Nesta instância, os autos foram com vista à Procuradoria Regional Eleitoral, que opinou pelo conhecimento e desprovimento do recurso (fls. 148-149).

É o relatório.

VOTO

No mérito, trata-se de prestação de contas do Democratas (DEM) de Muitos Capões, relativa ao exercício de 2015, a qual foi desaprovada em razão da ausência de conta bancária aberta durante todo o exercício financeiro. A agremiação manteve conta bancária em funcionamento até março de 2015, transcorrendo o restante do ano sem conta-corrente.

As contas partidárias possuem natureza eminentemente declaratória. No entanto, para conferir segurança e confiabilidade aos registros dos partidos, a legislação de regência impõe algumas obrigações que se constituem em verdadeiros instrumentos auxiliares do controle exercido pela Justiça Eleitoral.

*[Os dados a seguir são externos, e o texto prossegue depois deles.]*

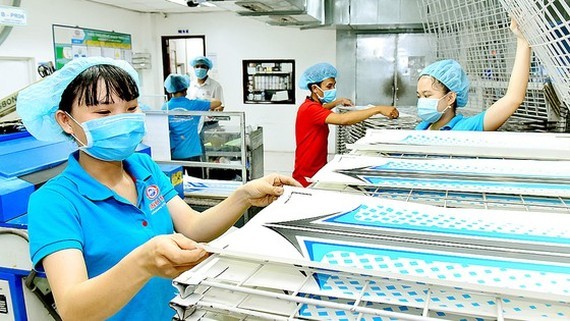 GDP growth to hit 8 percent this year in base-case scenario: Official ảnh 1 GDP growth to hit 8 percent this year in base-case scenario: Official ảnh 1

Assim, os partidos devem “proceder à movimentação financeira exclusivamente em contas bancárias”, cuja abertura é obrigatória, “realizar despesas em conformidade com o disposto nesta Resolução” e “manter escrituração contábil”, como estabelecem os arts. 4º e 6º da Resolução TSE n. 23.432/14.

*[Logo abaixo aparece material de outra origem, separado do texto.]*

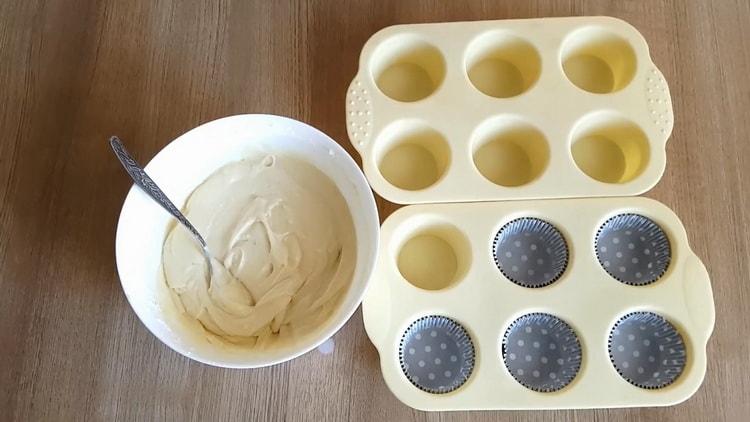 Norėdami gaminti cupcakes savo gimtadieniui, paruoškite formą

Dentre os mecanismos destinados a conferir segurança à contabilidade apresentada, o registro da movimentação financeira por meio de conta bancária é de fundamental importância, pois o trânsito de recursos através dos órgãos do sistema financeiro retira o caráter unilateral das declarações, permitindo o rastreamento dos valores e a identificação da origem e do destino dos recursos.

Dessa forma, a ausência de conta bancária deve levar à desaprovação da contabilidade, conforme aponta a jurisprudência:

ELEIÇÕES 2016. AGRAVO REGIMENTAL. RECURSO ESPECIAL. NEGATIVA DE SEGUIMENTO. PRESTAÇÃO DE CONTAS. PARTIDO. ABERTURA DE CONTA BANCÁRIA. AUSÊNCIA. NÃO APRESENTAÇÃO DE EXTRATO BANCÁRIO. REEXAME DE FATOS E PROVAS. IMPOSSIBILIDADE. DESAPROVAÇÃO. DESPROVIMENTO.

1. Consoante jurisprudência deste Tribunal Superior, apresentados minimamente documentos na prestação de contas, que devem ser desaprovadas, e não julgadas não prestadas. (Precedentes: AgR-REspe nº 725-04/PR, Rel. Min. Luciana Lóssio, DJe de 18.3.2015; AgR-REspe n° 1758-73/PR, Rel. Min. Rosa Weber, DJe de 26.4.2018).

2. A não abertura de conta bancária específica e, consequentemente, a não apresentação do extrato bancário de todo o período de campanha eleitoral constituem motivo para a desaprovação das contas, mas não ensejam, por si sós, o julgamento destas como não prestadas. (Nesse sentido: AgR-REspe n° 157-24/AP, de minha relatoria, DJe de 6.6.2018; AgR-REspe n° 432-59/SE, de minha relatoria, julgado em 1º.8.2018; AgR-REspe nº 3110-61/GO, Rel. Min. Henrique Neves, DJe de 20.9.2016; AgR-REspe n° 1910-73/DF, Rel. Min. Luciana Lóssio, DJe de 5.8.2016).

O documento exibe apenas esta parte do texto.